I remember that on the second day out of Pella, we were alerted by Polystratus that there was a column of foreigners coming the other way, and we took up our battle stations – Attalus employed a lot of Thracians, and we were ready for an attack.
These weren’t Thracians, but Athenian traders on their way to Pella, where they imagined the court to be. Nearchus turned them around, brusquely enough, but when we discovered that they had a cargo of swords and sword blades, we asked them to open their bales, and we probably put them in profit on the spot – fifty of the richest young men in Macedon. The Athenians had Keltoi swords from north of Illyria, beautiful swords with long, leaf-shaped blades and deep central fullers – much stiffer and heavier than our swords or Greek swords, but easy in the hand, and the longer blades promised a longer reach on horseback.
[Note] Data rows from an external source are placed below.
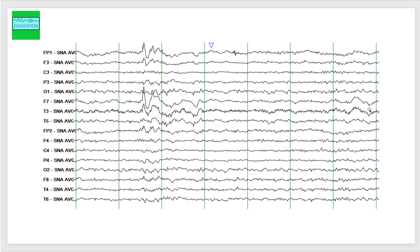When you see asymmetric slowing and sharp waves in one hemisphere, in your EEG report, you can say that this person, these findings are suggestive of a focal disturbance of cerebral function in the left frontotemporal head region, and correlation with neuroimaging is recommended. Since we've seen the sharp waves in the left frontotemporal head region, this person is at a high risk of having seizures from this location.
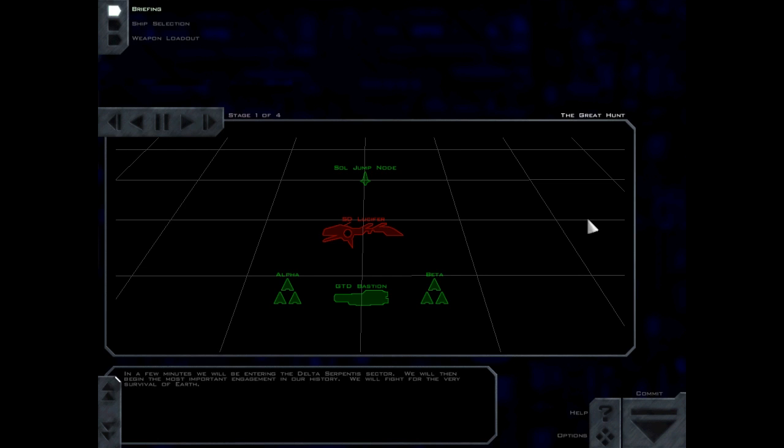In a few minutes, we will be entering the Delta Serpentis Sector. We will then begin the most important engagement in our history. We will fight for the very survival of Earth. No pressure.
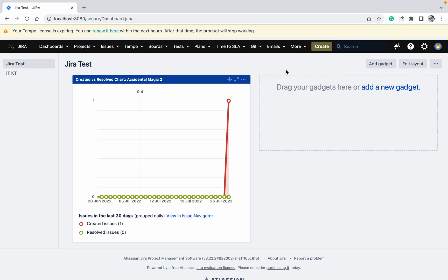Welcome to my channel. Today we'll talk about how to add components and how to remove components in a bulk grid. You can do it for one ticket easily, but how to do it in bulk — that's what we'll cover.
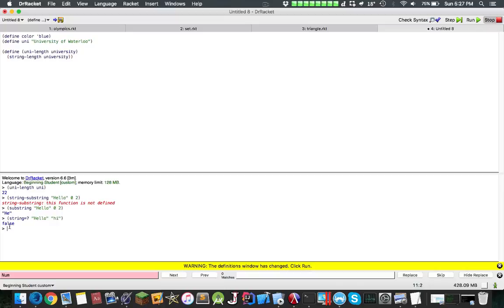And here's also for ordering of strings. You can do string less than a, b. This will do the ASCII value, so is the ASCII value of a less than b? True. So you can use that for ordering.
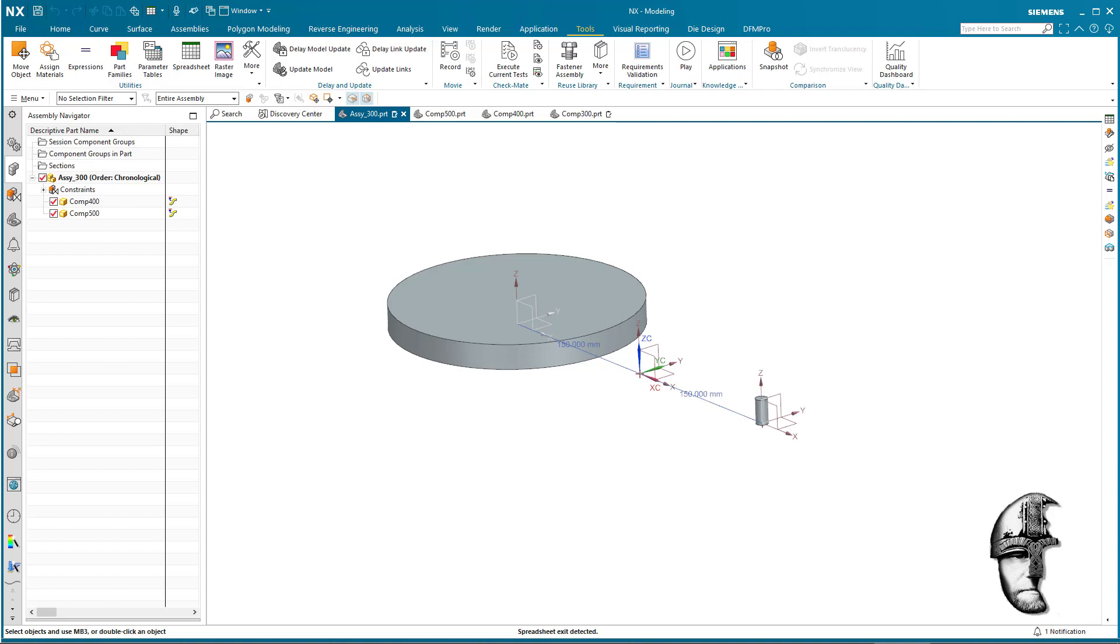You want the assembly to be a part family, meaning you want multiple copies with various expressions creating variants of that assembly. Now you have found the core thing there with the assembly part family.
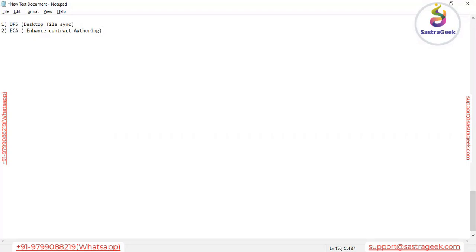Sometimes the customer may not have a furnished document and we have to prepare it. Once a terms and conditions document is prepared, there may be a need later to remove certain sections or clauses. Whenever we add or remove information, that history is also captured in the contract workspace.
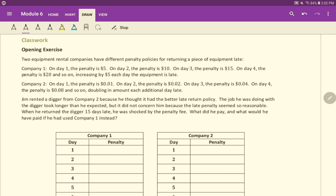Okay. On company two, right here, on day one, the penalty is $0.01. On day two, the penalty is $0.02. On day three, the penalty is $0.04. On day four, the penalty is $0.08 and so on, doubling an amount each additional day late.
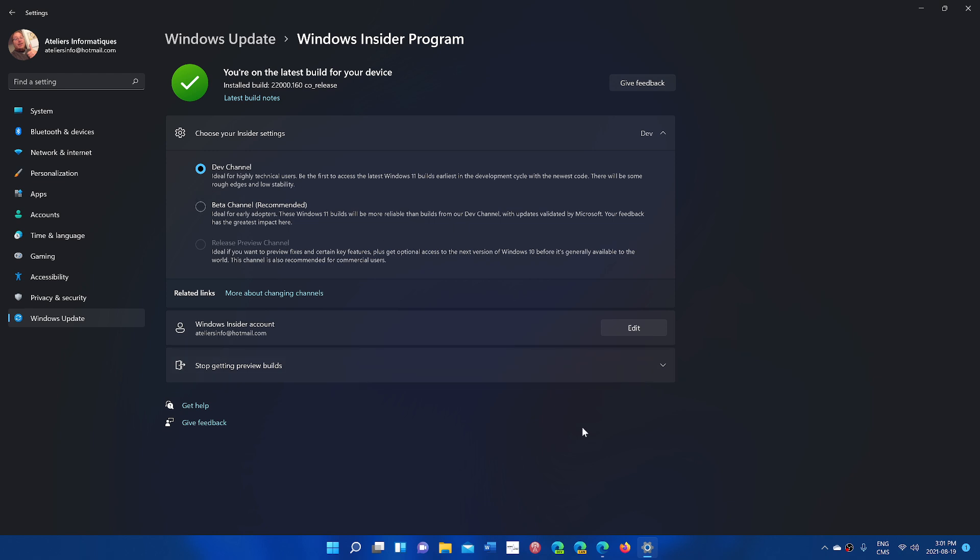It's very important. If you keep your Windows 11 on Dev, the day that both versions are different, the only way you'll have to go back to either the Windows 11 official build or to Windows 10 is to reinstall completely from scratch. If you don't want to have that, move to the Beta channel.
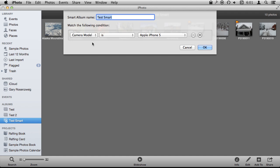But if I then import more photos from my iPhone 5 it will automatically update Test Smart here, this Smart Album, to include those. So I can always go to the Smart Album to find photos that match that criteria.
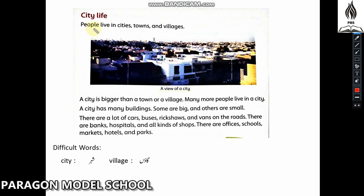People live in cities, towns and villages. A city is bigger than a town or a village. In a city, people live in large communities and a city has many buildings.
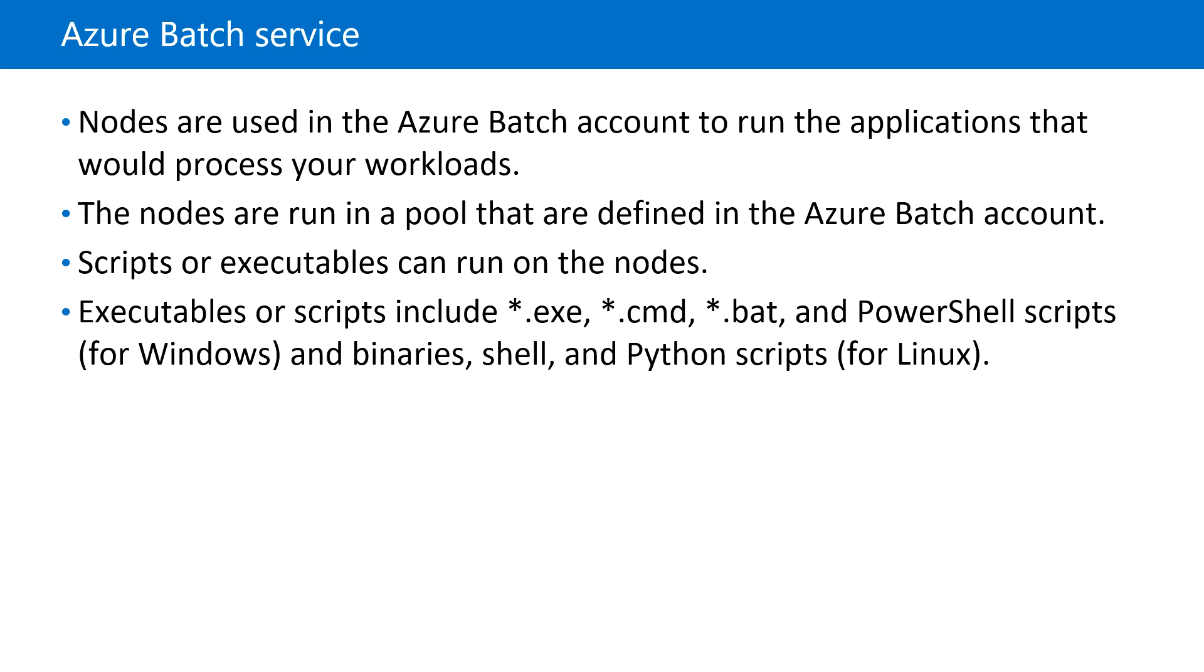We can use scripts or executables on those nodes. We can include file extensions like .exe, .cmd, .bat, and PowerShell scripts for Windows.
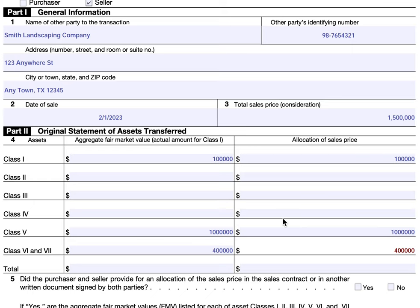The most important aspect of Part Two, Line 4, is that the same statement needs to be documented on both the seller's tax return and the purchaser's tax return to ensure consistent tax treatment. What the IRS will look for is making sure that the seller is reporting the same asset transfer, allocation of sales price, and other information as the purchaser.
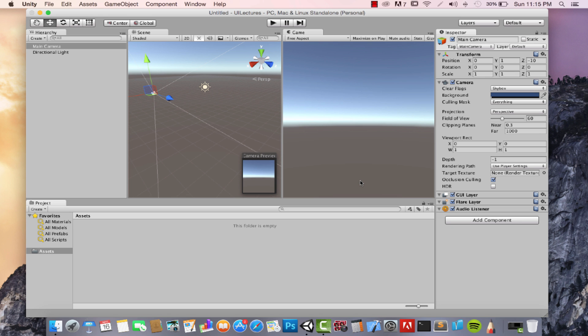Now that you know how to manage the interface, moving around those tabs and adjusting the layout as you want, we're going to learn how you can deal with game objects — how you can create your own game objects, and so on and so forth.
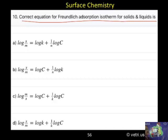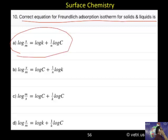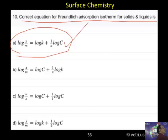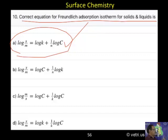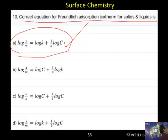Question number 10. The correct answer is A: log X by M equal to log K plus 1 by n log C. C means concentration. For solids and liquid, we have to use concentration. In the case of gases, we have to use pressure. So A is the correct answer.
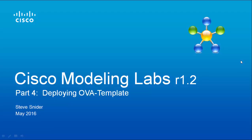Hello, this is the fourth in a series of videos addressing the installation of Cisco Modeling Labs version 1.2. After preparing the ESXi host, we are now ready to deploy the virtual machine archive containing the Cisco Modeling Labs software components.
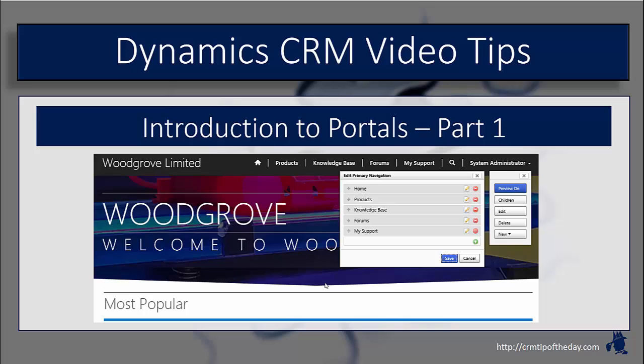This has been a real hot topic - I've had a lot of requests for videos on this, so I figured now is as good a time as any to get in there and really explore how you set it up and what some of the configuration looks like. Just like the project service and field service functionality we've talked about in previous videos, this is not something we're going to be able to cram into a 10-minute video.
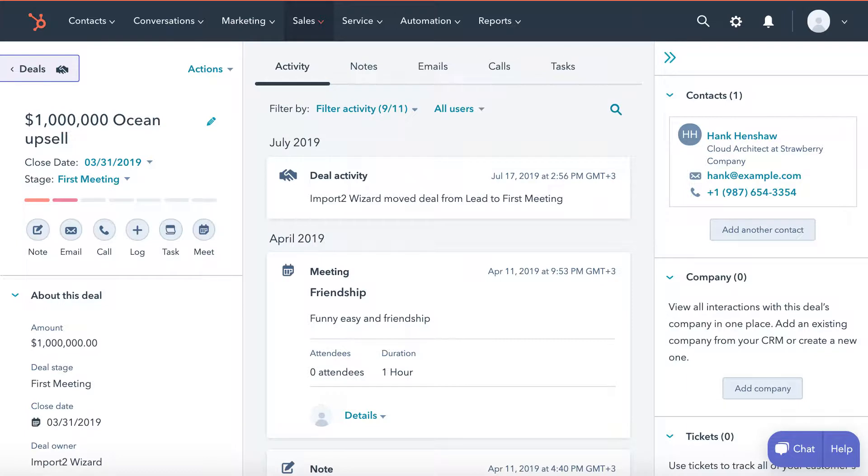I will quickly show you how to export your HubSpot deals and related contact details with ImportToWizard. Let's set up export.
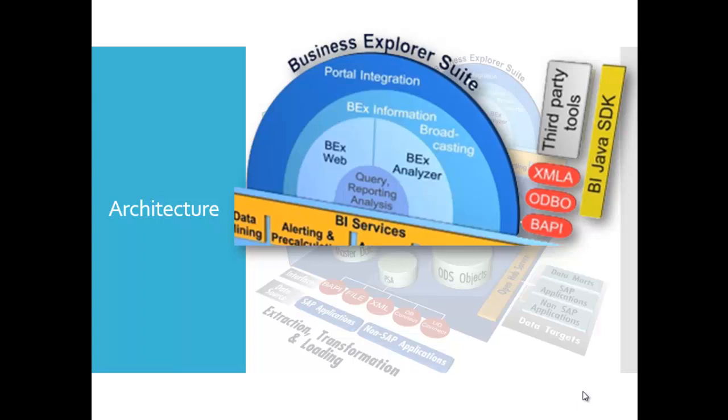There is also some very useful tools like BEx Information Broadcasting, used to distribute BI content of SAP by email. You can also publish it on the corporate portal. The BEx Web Apps, these are web applications from the BEx, designed to analyze data, application, reporting and analysis on the web.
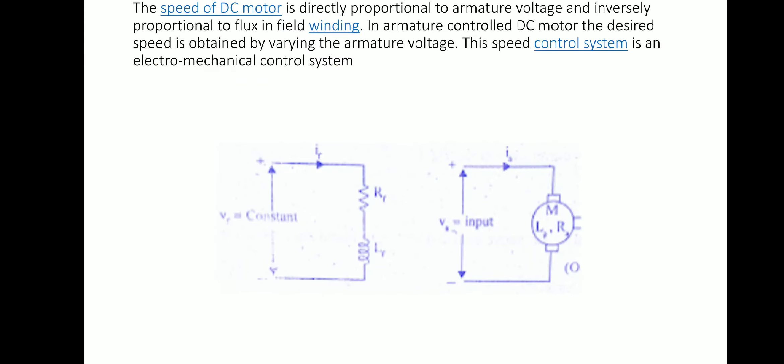Good morning. Today I am going to explain the transfer function of an armature controlled DC motor. The circuit diagram of the armature controlled DC motor is shown here. The field voltage is kept constant and the armature voltage is varied — the speed of the motor can be controlled either by varying the armature voltage or by varying the field voltage.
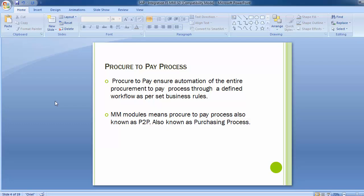The procure-to-pay solution ensures automation of the entire procurement-to-payment process through a defined workflow as per business rules. It enables the organization to gain control and visibility over the entire lifecycle of a transaction — from when goods or services are ordered to final invoicing — providing deep insight into budget and monetary commitments. The finance department can insist on internal spending controls, and organizations can ensure substantial cost savings with the help of the procure-to-pay process.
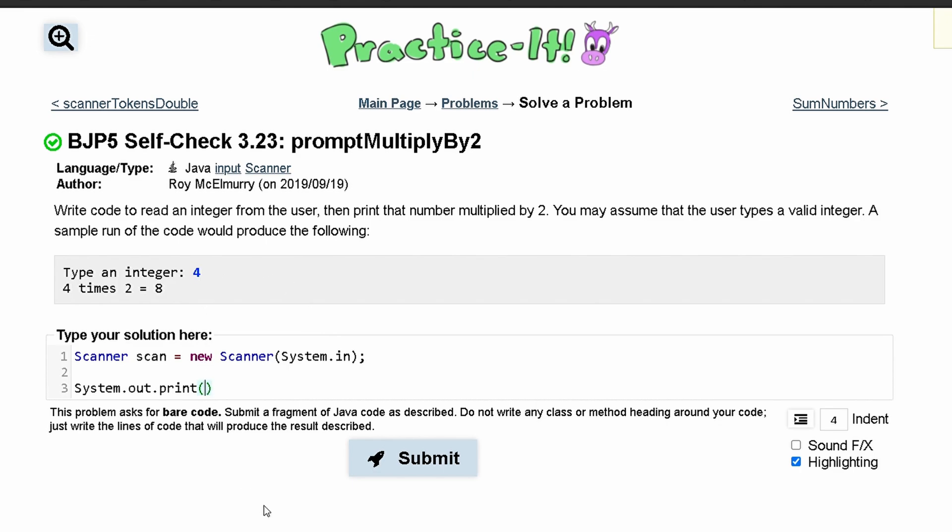So in here we are going to have type an integer, a space, and then we'll end this line. And since it's just print, the user will type this number on the same line.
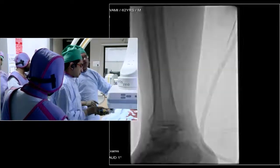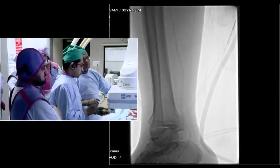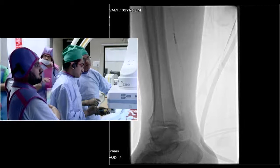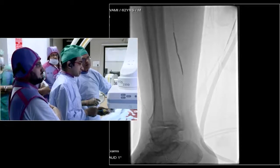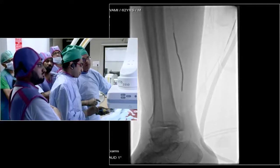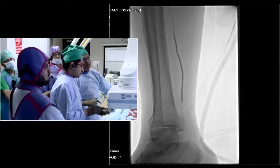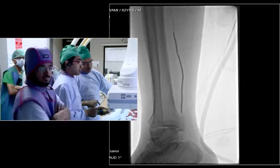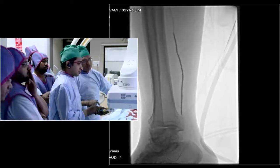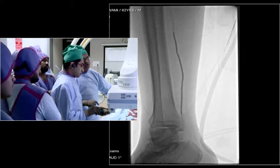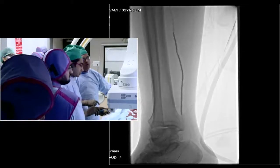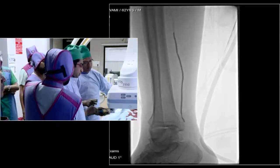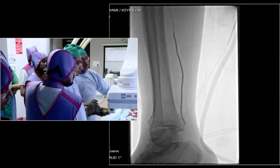We are inflating the balloon now. I'm at 2, 3, 3... We can see that narrowed segment. The plan is to go up to 6 atmospheres only, which is nominal. We are at 4 atmospheres right now and I am planning to go maximum to 6.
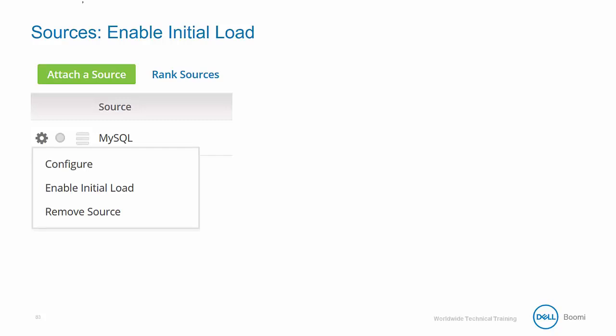When a new source is added to a model, it's initially inactive until we activate it. By enabling the initial load, we are opening the channel of communication between the Atmosphere platform and the MDM platform for that specific source.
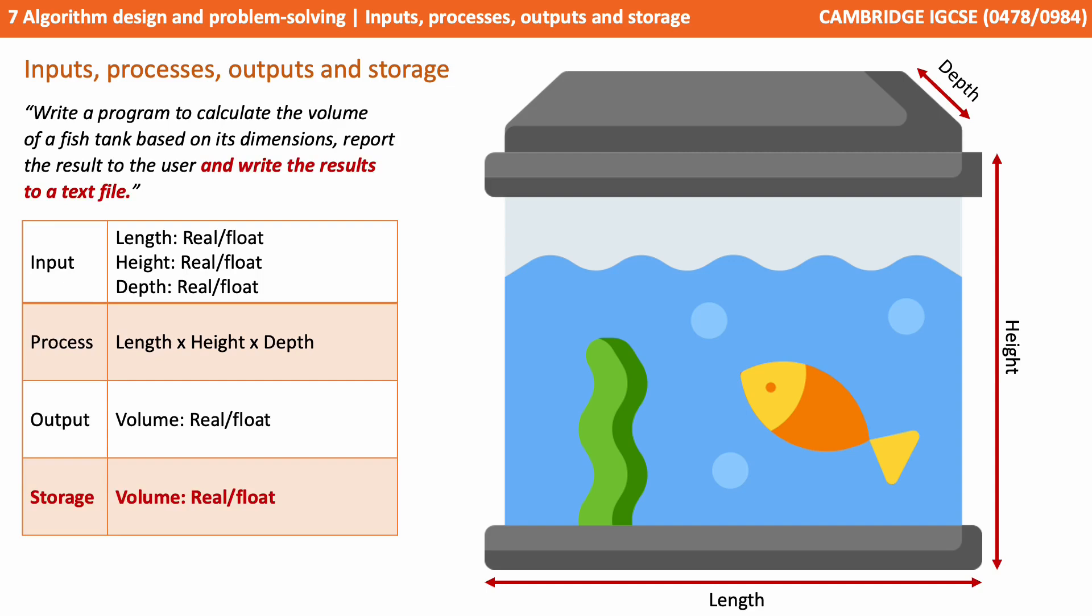Now, consider this where the scenario has said report the results to the user, and write the results to a text file. In this situation, we also have some requirements for storage. And it's the same as the output. We'll be storing the volume and writing that to some sort of file.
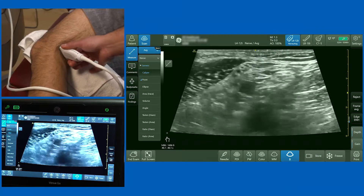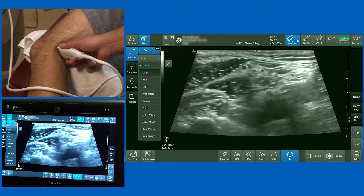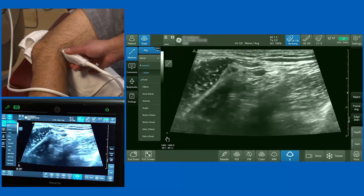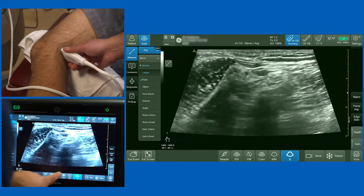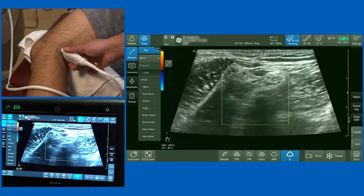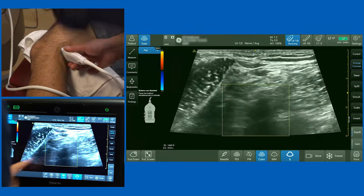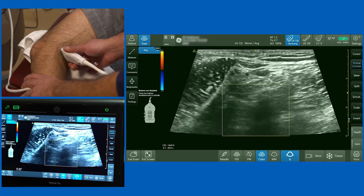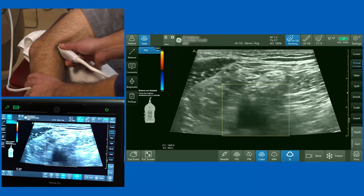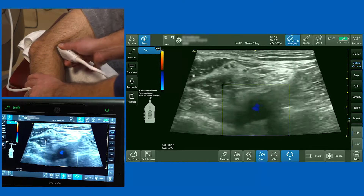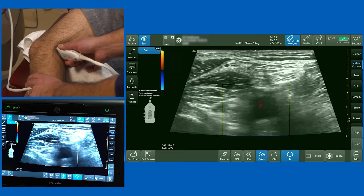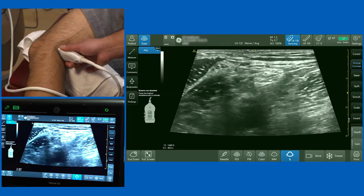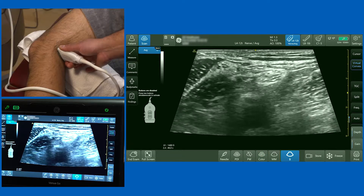By increasing and reducing the pressure, you'll see at the bottom of the screen a pulsatile structure which is the popliteal artery, and just above that coming into screen is the popliteal vein. If I put the color Doppler on, I can highlight the vein by squeezing the calf — you'll see the vein blush. Increasing the pressure shows the artery right underneath.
One of the traders showed me how the Keltoi held their swords, with a thumb pressed into the hollow of the blade. I bought the sword, and rode north playing with it. It was a foot longer than my xiphos.
But that’s not what I wanted to tell. What I wanted to tell is that Pausanias came alive at the sight of the blades. He was poor, and I loaned him money, and he purchased a beautiful weapon – the size of a xiphos, but with that heavy leaf blade, sharper than a bronze razor and with an African ivory hilt worked like a chariot and a running team. Superb work.
For as long as he was buying the sword, Pausanias was animated and alive. Even his hair seemed to regain its vibrancy.
And then it was gone. And he sank back into himself, and his face went slack, as if he’d taken a death blow.
We reached Aegae about the same time as the Athenian embassy. I looked for men I knew – I had rather hoped to see Kineas or Diodorus. But the Athenians had not sent any of their great men, except Phokion, and he was a guest friend of the king. He was kind enough to remember me. He clasped my arm – warrior to warrior, a nice compliment.
‘Why are you wearing armour, son of Lagus?’ he asked.
‘Difficult times,’ I said, looking elsewhere. Great as was my respect for the Athenian strategos, I was not going to tell him about our internal squabbles.
Indeed, upon arrival at Aegae, we all breathed a great sigh of relief. Aegae was sacred ground – no one would defile it with treason. Alexander and Olympias and Pausanias and I should all be safe, at least for the next fifteen days. Or so we reckoned.